In the absence of any further information to guide them, wellsite engineers often use basic trial and error based on simple mud-weight correlations to nearby or analogue wells. They maintain this mud-weight until a failure is observed, at which point corrective action is taken – not necessarily the most cost-effective route.
The mud-weight window solution
Determining the safe mud-weight range is of critical importance to improving well planning and drilling for the oil and gas industry. To tackle the problems of predicting wellbore stability, Jon considered the effects of both fractures and porous formations, and from this developed a ‘double porosity model’ so drillers will have a better idea of what to expect before they start working on a particular well.
“We established the model using known variables such as rock strength, pore pressure profile, and in-situ stress from well log data,” Jon explains. “We then used finite-element analysis to obtain a wellbore stability solution.”
“Our model was successfully tested in a case study in Oman, where we performed pre-drill analysis for pore pressure and wellbore stability, and then sent a pore pressure engineer to do real time model updates during drilling.
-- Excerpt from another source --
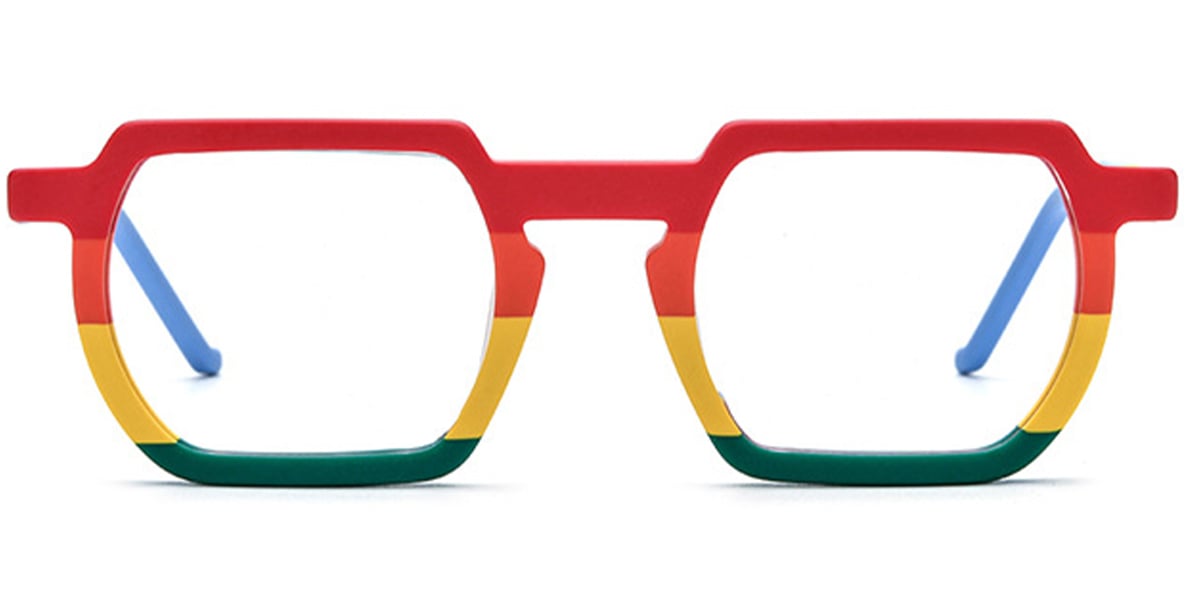 Acetate Square Reading Glasses pattern-red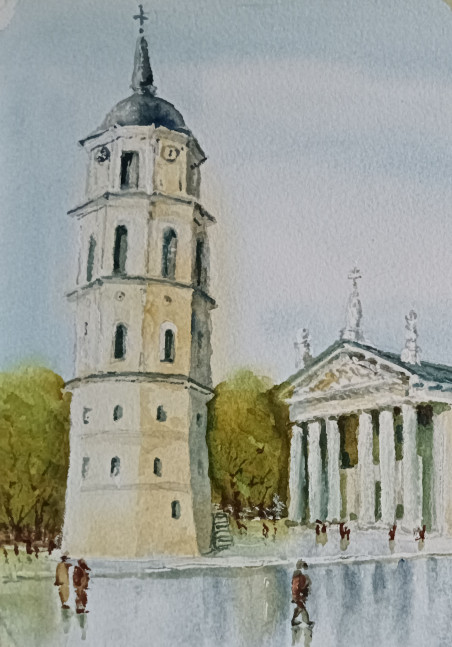 Vilnius Cathedral 12 original painting by Jūratė Sasnauskienė. Paintings with Vilnius (Vilnius)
The well encountered both weak claystones, which could cause well collapse, and heterogeneous and fractured carbonates with a low fracture gradient, which could potentially cause mud losses during drilling. When limestones and claystones are drilled in one casing interval, the mud-weight window is very narrow, as too high a mud-weight risks fracturing and drilling fluid losses, while a lower mud-weight induces wellbore breakouts or collapse. Additionally, some of the gas-bearing formations in the Omani well have very high pore pressure, which could cause kicks and blowouts, making drilling more risky. It was therefore imperative that the model predicted the correct mud-weights to avoid well failure,” John emphasises. “We were happy to find that our model accurately predicted the range of mud-weights needed to drill the well with the least risk.
A similar pre-drill pore pressure and wellbore stability analysis project was successfully conducted in the Western Zagros foothills in Iraq.
“The geomechanical analysis combines wellbore parameters, such as inclination, azimuth and hole size, with rock properties, so as to develop a specific solution for each section of the wellbore. It is cost-effective, because predictions for multiple wells can be made from a single model.”
“Another advantage of the method is that if we prepare an accurate model before drilling, it is possible to react rapidly in real time as a well is being drilled,” Jon concludes. “Mud-weights and casing parameters can be altered in-situ to ensure successful drilling.
A New Field of Study
“I have found working in this area very exciting,” Jon says. “Studying wellbore stability in fractured rocks is a new field, and calculating the fluid properties required is very challenging. Ultimately, we are helping the oil and gas industry to understand and predict pore pressure and wellbore geomechanics, so that wells can be drilled and produced as safely and economically as possible.”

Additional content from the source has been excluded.